■ **About this exercise**
Set each record down exactly, excluding all images.

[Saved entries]
========

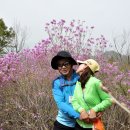 남대전고등학교 이미지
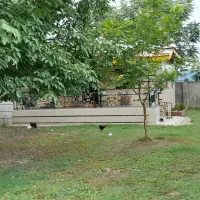 ویلا‌روستایی‌درماسوله|اجارهٔ کوتاه‌مدت ویلا و باغ|ماسوله, |دیوار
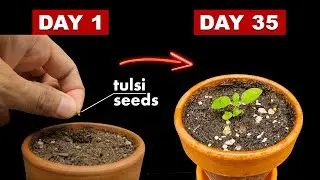 Growing Tulsi/Holy Basil From Seeds - 35 Days Time Lapse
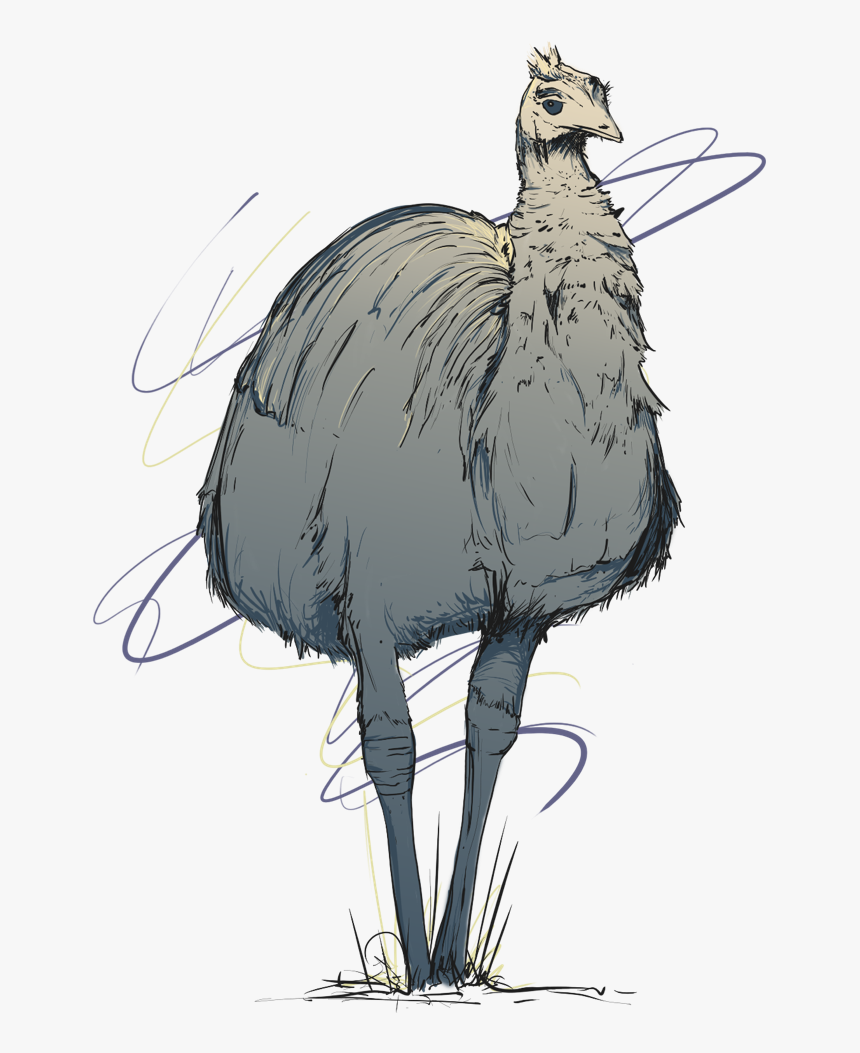 Emu, HD Png Download, Free Download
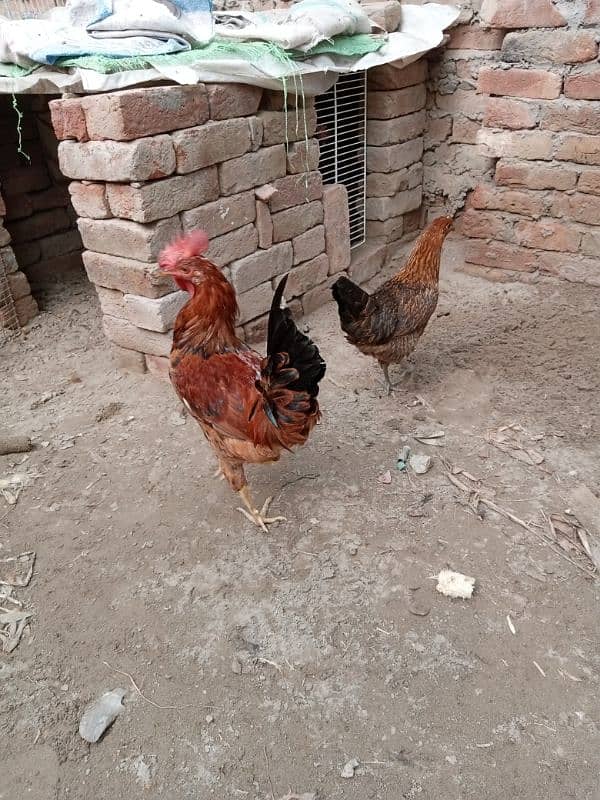 aseel hens murgi pathi desi pair murga or desi patha 03094157574. 3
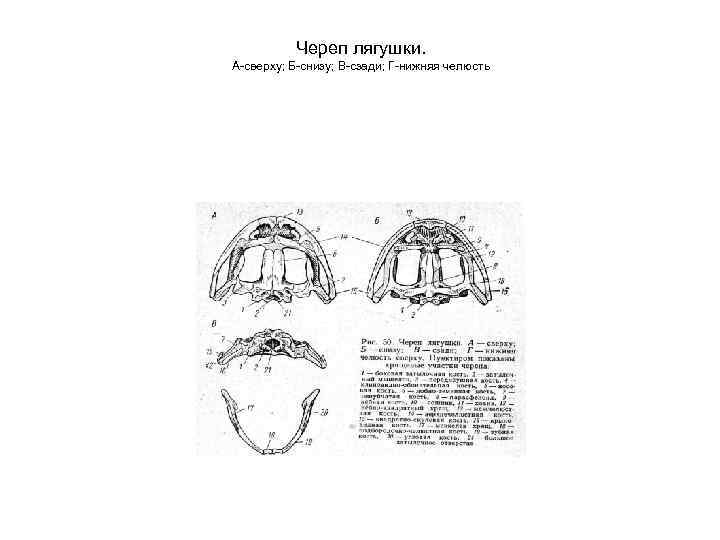 Череп лягушки. А-сверху; Б-снизу; В-сзади; Г-нижняя челюсть 
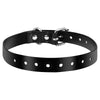 Black TPU Plastic Collar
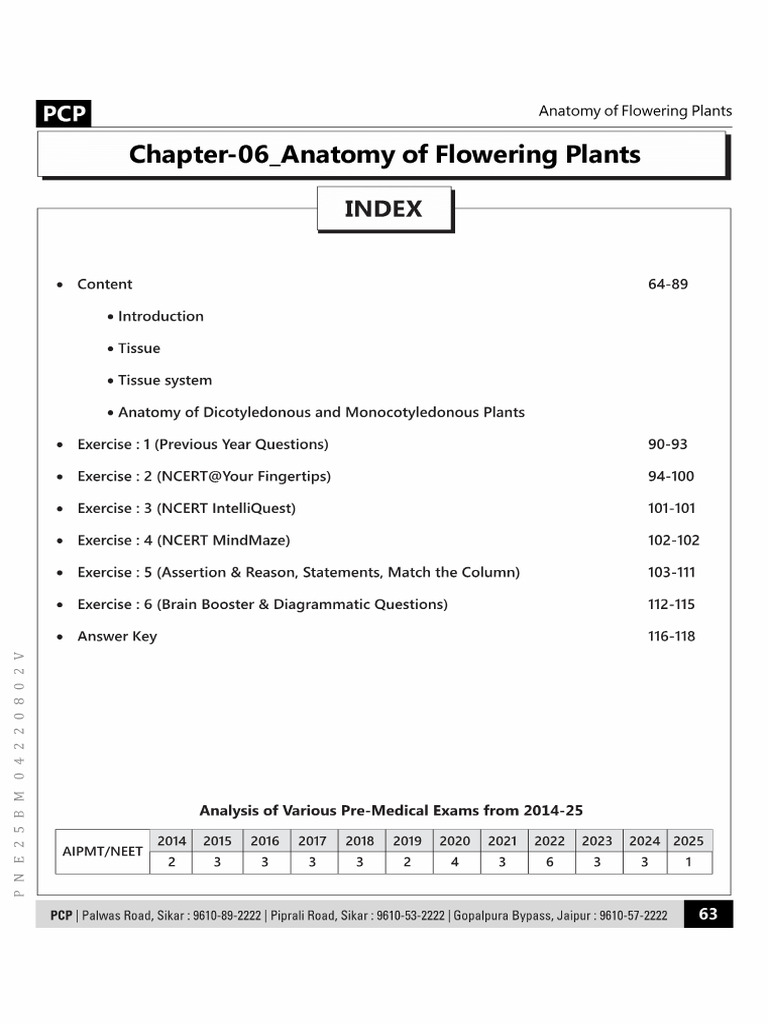 Anatomy Module | PDF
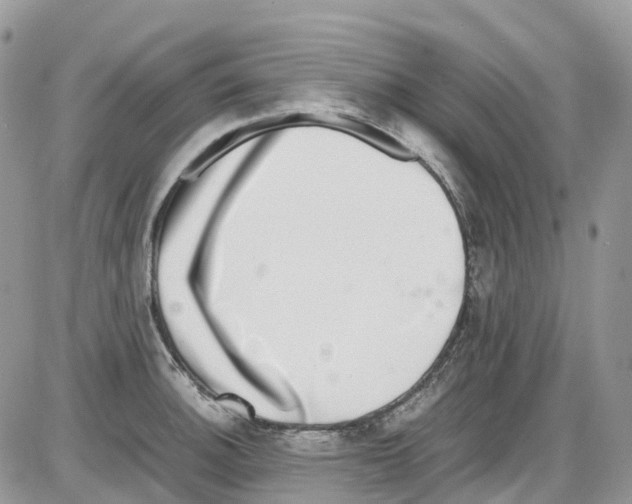 X0000086111140200704202259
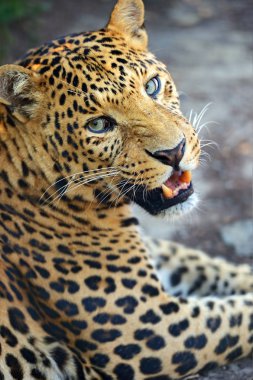 leopar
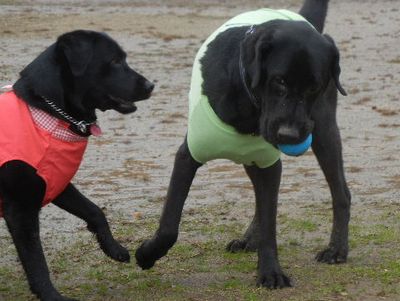 welina-dogpark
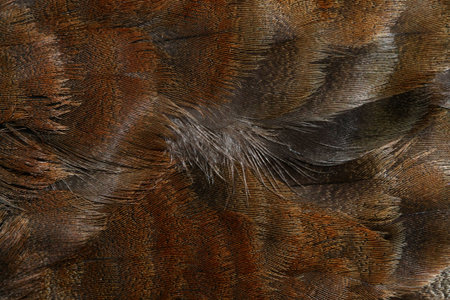 The fragment plumage of a duck.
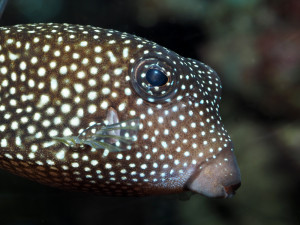 V brněnské zoo přibyli noví obyvatelé akvárií. Havýši vypadají jako krabice, byli předlohou automobilce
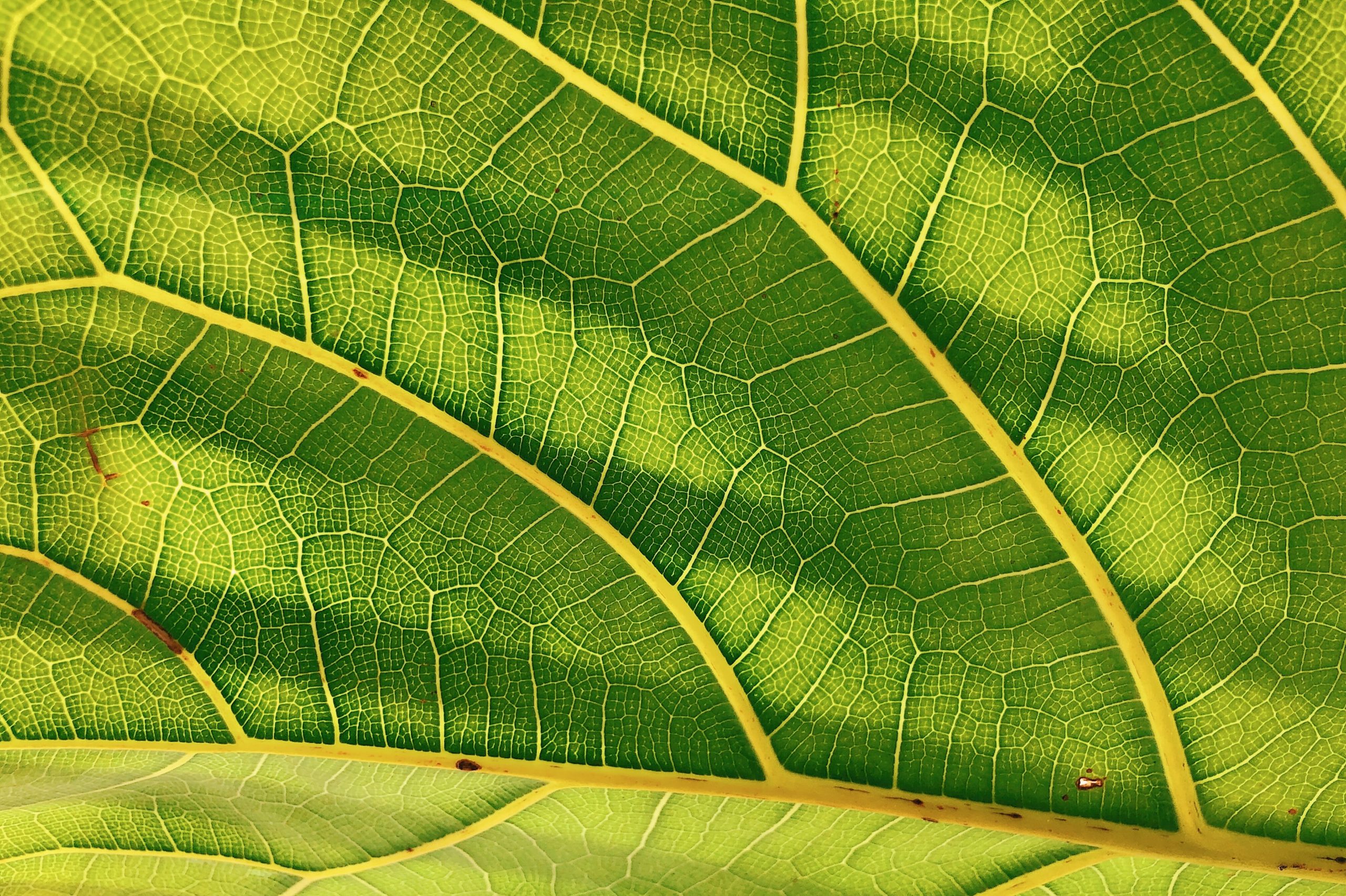picture Art Easy Patterns In Nature patterns in nature how to find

========

■ **Task solution**
 남대전고등학교 이미지
 ویلا‌روستایی‌درماسوله|اجارهٔ کوتاه‌مدت ویلا و باغ|ماسوله, |دیوار
 Growing Tulsi/Holy Basil From Seeds - 35 Days Time Lapse
 Emu, HD Png Download, Free Download
 aseel hens murgi pathi desi pair murga or desi patha 03094157574. 3
 Череп лягушки. А-сверху; Б-снизу; В-сзади; Г-нижняя челюсть 
 Black TPU Plastic Collar
 Anatomy Module | PDF
 X0000086111140200704202259
 leopar
 welina-dogpark
 The fragment plumage of a duck.
 V brněnské zoo přibyli noví obyvatelé akvárií. Havýši vypadají jako krabice, byli předlohou automobilce
picture Art Easy Patterns In Nature patterns in nature how to find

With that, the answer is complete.